→ Input data:
*** Begin section ***

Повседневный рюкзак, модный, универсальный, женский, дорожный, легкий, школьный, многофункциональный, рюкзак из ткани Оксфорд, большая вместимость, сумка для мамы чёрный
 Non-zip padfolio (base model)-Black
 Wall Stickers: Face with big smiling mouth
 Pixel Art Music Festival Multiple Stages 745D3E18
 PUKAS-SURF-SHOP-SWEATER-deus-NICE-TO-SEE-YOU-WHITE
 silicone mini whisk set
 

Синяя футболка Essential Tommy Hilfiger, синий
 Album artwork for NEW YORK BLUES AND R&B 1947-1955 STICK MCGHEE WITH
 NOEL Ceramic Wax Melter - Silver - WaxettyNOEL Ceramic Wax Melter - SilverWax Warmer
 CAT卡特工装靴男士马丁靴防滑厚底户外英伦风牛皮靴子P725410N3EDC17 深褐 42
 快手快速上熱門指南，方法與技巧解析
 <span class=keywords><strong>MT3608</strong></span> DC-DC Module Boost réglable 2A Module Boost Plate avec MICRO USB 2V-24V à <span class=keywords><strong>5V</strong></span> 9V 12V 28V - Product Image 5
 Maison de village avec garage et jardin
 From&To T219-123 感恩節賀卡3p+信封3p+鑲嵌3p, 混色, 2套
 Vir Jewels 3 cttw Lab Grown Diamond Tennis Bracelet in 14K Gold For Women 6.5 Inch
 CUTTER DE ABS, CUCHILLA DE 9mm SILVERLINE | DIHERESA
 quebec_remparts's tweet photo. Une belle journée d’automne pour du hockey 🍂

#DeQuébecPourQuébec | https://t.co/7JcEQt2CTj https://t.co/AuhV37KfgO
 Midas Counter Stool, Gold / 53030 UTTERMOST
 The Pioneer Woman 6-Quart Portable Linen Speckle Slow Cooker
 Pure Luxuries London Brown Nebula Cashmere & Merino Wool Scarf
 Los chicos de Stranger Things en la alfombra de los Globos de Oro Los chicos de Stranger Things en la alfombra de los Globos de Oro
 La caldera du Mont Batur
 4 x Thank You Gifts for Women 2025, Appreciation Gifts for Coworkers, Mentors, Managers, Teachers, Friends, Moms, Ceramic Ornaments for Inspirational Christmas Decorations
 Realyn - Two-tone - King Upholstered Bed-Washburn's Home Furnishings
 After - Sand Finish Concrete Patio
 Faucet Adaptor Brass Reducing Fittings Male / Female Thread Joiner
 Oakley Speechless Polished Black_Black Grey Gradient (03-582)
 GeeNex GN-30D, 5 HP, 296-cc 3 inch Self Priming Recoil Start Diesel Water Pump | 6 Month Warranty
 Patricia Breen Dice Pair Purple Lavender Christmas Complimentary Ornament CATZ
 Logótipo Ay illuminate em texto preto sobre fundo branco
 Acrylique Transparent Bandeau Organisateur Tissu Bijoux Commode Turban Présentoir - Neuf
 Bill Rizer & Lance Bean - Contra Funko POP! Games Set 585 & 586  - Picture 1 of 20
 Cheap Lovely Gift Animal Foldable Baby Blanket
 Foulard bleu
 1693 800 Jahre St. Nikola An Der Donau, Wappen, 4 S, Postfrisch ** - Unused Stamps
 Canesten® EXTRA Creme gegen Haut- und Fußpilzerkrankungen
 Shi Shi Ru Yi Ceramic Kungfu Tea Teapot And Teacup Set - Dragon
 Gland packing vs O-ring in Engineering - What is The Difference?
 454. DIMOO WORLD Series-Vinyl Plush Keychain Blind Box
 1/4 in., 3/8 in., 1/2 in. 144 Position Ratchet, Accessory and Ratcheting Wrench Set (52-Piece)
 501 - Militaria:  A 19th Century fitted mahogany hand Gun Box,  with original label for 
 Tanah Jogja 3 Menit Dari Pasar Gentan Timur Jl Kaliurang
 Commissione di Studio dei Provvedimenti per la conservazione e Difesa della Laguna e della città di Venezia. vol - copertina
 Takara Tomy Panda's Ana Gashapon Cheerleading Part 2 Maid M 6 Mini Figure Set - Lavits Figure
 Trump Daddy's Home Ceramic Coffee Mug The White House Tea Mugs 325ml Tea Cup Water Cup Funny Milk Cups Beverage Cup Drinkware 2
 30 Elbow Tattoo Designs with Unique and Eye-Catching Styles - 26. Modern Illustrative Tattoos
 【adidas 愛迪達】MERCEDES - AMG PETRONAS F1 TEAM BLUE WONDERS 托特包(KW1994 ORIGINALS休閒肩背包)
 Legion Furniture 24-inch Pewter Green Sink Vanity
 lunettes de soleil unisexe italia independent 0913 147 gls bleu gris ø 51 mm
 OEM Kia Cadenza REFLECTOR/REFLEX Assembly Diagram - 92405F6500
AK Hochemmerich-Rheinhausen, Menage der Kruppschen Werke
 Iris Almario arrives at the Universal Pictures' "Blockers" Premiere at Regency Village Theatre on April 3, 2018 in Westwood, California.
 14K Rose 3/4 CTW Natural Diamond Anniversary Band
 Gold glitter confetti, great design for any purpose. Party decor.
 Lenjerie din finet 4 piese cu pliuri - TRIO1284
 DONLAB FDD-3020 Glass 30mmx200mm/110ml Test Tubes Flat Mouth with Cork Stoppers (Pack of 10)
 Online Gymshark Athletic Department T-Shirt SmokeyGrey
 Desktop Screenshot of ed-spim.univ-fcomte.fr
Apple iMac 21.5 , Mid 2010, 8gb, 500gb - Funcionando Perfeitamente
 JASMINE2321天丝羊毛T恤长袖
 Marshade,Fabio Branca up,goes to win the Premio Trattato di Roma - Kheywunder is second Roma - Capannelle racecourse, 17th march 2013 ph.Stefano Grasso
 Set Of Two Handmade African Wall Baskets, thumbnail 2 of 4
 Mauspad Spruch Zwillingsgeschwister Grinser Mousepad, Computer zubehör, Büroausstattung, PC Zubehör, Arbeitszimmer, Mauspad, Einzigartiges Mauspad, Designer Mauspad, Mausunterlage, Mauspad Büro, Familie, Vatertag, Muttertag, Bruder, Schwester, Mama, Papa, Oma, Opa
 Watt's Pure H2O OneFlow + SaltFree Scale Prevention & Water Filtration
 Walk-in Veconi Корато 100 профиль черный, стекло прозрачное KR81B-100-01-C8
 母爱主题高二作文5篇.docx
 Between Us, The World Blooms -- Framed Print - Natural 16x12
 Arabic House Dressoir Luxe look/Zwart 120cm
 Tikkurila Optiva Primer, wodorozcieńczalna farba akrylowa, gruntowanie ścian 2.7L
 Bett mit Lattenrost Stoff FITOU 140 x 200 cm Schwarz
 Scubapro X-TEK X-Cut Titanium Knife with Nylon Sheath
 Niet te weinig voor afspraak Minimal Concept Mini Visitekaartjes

*** End section ***

→ Action item:
All of the entries above need to be printed again exactly.

→ Output of the exercise:
Повседневный рюкзак, модный, универсальный, женский, дорожный, легкий, школьный, многофункциональный, рюкзак из ткани Оксфорд, большая вместимость, сумка для мамы чёрный
 Non-zip padfolio (base model)-Black
 Wall Stickers: Face with big smiling mouth
 Pixel Art Music Festival Multiple Stages 745D3E18
 PUKAS-SURF-SHOP-SWEATER-deus-NICE-TO-SEE-YOU-WHITE
 silicone mini whisk set
 

Синяя футболка Essential Tommy Hilfiger, синий
 Album artwork for NEW YORK BLUES AND R&B 1947-1955 STICK MCGHEE WITH
 NOEL Ceramic Wax Melter - Silver - WaxettyNOEL Ceramic Wax Melter - SilverWax Warmer
 CAT卡特工装靴男士马丁靴防滑厚底户外英伦风牛皮靴子P725410N3EDC17 深褐 42
 快手快速上熱門指南，方法與技巧解析
 <span class=keywords><strong>MT3608</strong></span> DC-DC Module Boost réglable 2A Module Boost Plate avec MICRO USB 2V-24V à <span class=keywords><strong>5V</strong></span> 9V 12V 28V - Product Image 5
 Maison de village avec garage et jardin
 From&To T219-123 感恩節賀卡3p+信封3p+鑲嵌3p, 混色, 2套
 Vir Jewels 3 cttw Lab Grown Diamond Tennis Bracelet in 14K Gold For Women 6.5 Inch
 CUTTER DE ABS, CUCHILLA DE 9mm SILVERLINE | DIHERESA
 quebec_remparts's tweet photo. Une belle journée d’automne pour du hockey 🍂

#DeQuébecPourQuébec | https://t.co/7JcEQt2CTj https://t.co/AuhV37KfgO
 Midas Counter Stool, Gold / 53030 UTTERMOST
 The Pioneer Woman 6-Quart Portable Linen Speckle Slow Cooker
 Pure Luxuries London Brown Nebula Cashmere & Merino Wool Scarf
 Los chicos de Stranger Things en la alfombra de los Globos de Oro Los chicos de Stranger Things en la alfombra de los Globos de Oro
 La caldera du Mont Batur
 4 x Thank You Gifts for Women 2025, Appreciation Gifts for Coworkers, Mentors, Managers, Teachers, Friends, Moms, Ceramic Ornaments for Inspirational Christmas Decorations
 Realyn - Two-tone - King Upholstered Bed-Washburn's Home Furnishings
 After - Sand Finish Concrete Patio
 Faucet Adaptor Brass Reducing Fittings Male / Female Thread Joiner
 Oakley Speechless Polished Black_Black Grey Gradient (03-582)
 GeeNex GN-30D, 5 HP, 296-cc 3 inch Self Priming Recoil Start Diesel Water Pump | 6 Month Warranty
 Patricia Breen Dice Pair Purple Lavender Christmas Complimentary Ornament CATZ
 Logótipo Ay illuminate em texto preto sobre fundo branco
 Acrylique Transparent Bandeau Organisateur Tissu Bijoux Commode Turban Présentoir - Neuf
 Bill Rizer & Lance Bean - Contra Funko POP! Games Set 585 & 586  - Picture 1 of 20
 Cheap Lovely Gift Animal Foldable Baby Blanket
 Foulard bleu
 1693 800 Jahre St. Nikola An Der Donau, Wappen, 4 S, Postfrisch ** - Unused Stamps
 Canesten® EXTRA Creme gegen Haut- und Fußpilzerkrankungen
 Shi Shi Ru Yi Ceramic Kungfu Tea Teapot And Teacup Set - Dragon
 Gland packing vs O-ring in Engineering - What is The Difference?
 454. DIMOO WORLD Series-Vinyl Plush Keychain Blind Box
 1/4 in., 3/8 in., 1/2 in. 144 Position Ratchet, Accessory and Ratcheting Wrench Set (52-Piece)
 501 - Militaria:  A 19th Century fitted mahogany hand Gun Box,  with original label for 
 Tanah Jogja 3 Menit Dari Pasar Gentan Timur Jl Kaliurang
 Commissione di Studio dei Provvedimenti per la conservazione e Difesa della Laguna e della città di Venezia. vol - copertina
 Takara Tomy Panda's Ana Gashapon Cheerleading Part 2 Maid M 6 Mini Figure Set - Lavits Figure
 Trump Daddy's Home Ceramic Coffee Mug The White House Tea Mugs 325ml Tea Cup Water Cup Funny Milk Cups Beverage Cup Drinkware 2
 30 Elbow Tattoo Designs with Unique and Eye-Catching Styles - 26. Modern Illustrative Tattoos
 【adidas 愛迪達】MERCEDES - AMG PETRONAS F1 TEAM BLUE WONDERS 托特包(KW1994 ORIGINALS休閒肩背包)
 Legion Furniture 24-inch Pewter Green Sink Vanity
 lunettes de soleil unisexe italia independent 0913 147 gls bleu gris ø 51 mm
 OEM Kia Cadenza REFLECTOR/REFLEX Assembly Diagram - 92405F6500
AK Hochemmerich-Rheinhausen, Menage der Kruppschen Werke
 Iris Almario arrives at the Universal Pictures' "Blockers" Premiere at Regency Village Theatre on April 3, 2018 in Westwood, California.
 14K Rose 3/4 CTW Natural Diamond Anniversary Band
 Gold glitter confetti, great design for any purpose. Party decor.
 Lenjerie din finet 4 piese cu pliuri - TRIO1284
 DONLAB FDD-3020 Glass 30mmx200mm/110ml Test Tubes Flat Mouth with Cork Stoppers (Pack of 10)
 Online Gymshark Athletic Department T-Shirt SmokeyGrey
 Desktop Screenshot of ed-spim.univ-fcomte.fr
Apple iMac 21.5 , Mid 2010, 8gb, 500gb - Funcionando Perfeitamente
 JASMINE2321天丝羊毛T恤长袖
 Marshade,Fabio Branca up,goes to win the Premio Trattato di Roma - Kheywunder is second Roma - Capannelle racecourse, 17th march 2013 ph.Stefano Grasso
 Set Of Two Handmade African Wall Baskets, thumbnail 2 of 4
 Mauspad Spruch Zwillingsgeschwister Grinser Mousepad, Computer zubehör, Büroausstattung, PC Zubehör, Arbeitszimmer, Mauspad, Einzigartiges Mauspad, Designer Mauspad, Mausunterlage, Mauspad Büro, Familie, Vatertag, Muttertag, Bruder, Schwester, Mama, Papa, Oma, Opa
 Watt's Pure H2O OneFlow + SaltFree Scale Prevention & Water Filtration
 Walk-in Veconi Корато 100 профиль черный, стекло прозрачное KR81B-100-01-C8
 母爱主题高二作文5篇.docx
 Between Us, The World Blooms -- Framed Print - Natural 16x12
 Arabic House Dressoir Luxe look/Zwart 120cm
 Tikkurila Optiva Primer, wodorozcieńczalna farba akrylowa, gruntowanie ścian 2.7L
 Bett mit Lattenrost Stoff FITOU 140 x 200 cm Schwarz
 Scubapro X-TEK X-Cut Titanium Knife with Nylon Sheath
 Niet te weinig voor afspraak Minimal Concept Mini Visitekaartjes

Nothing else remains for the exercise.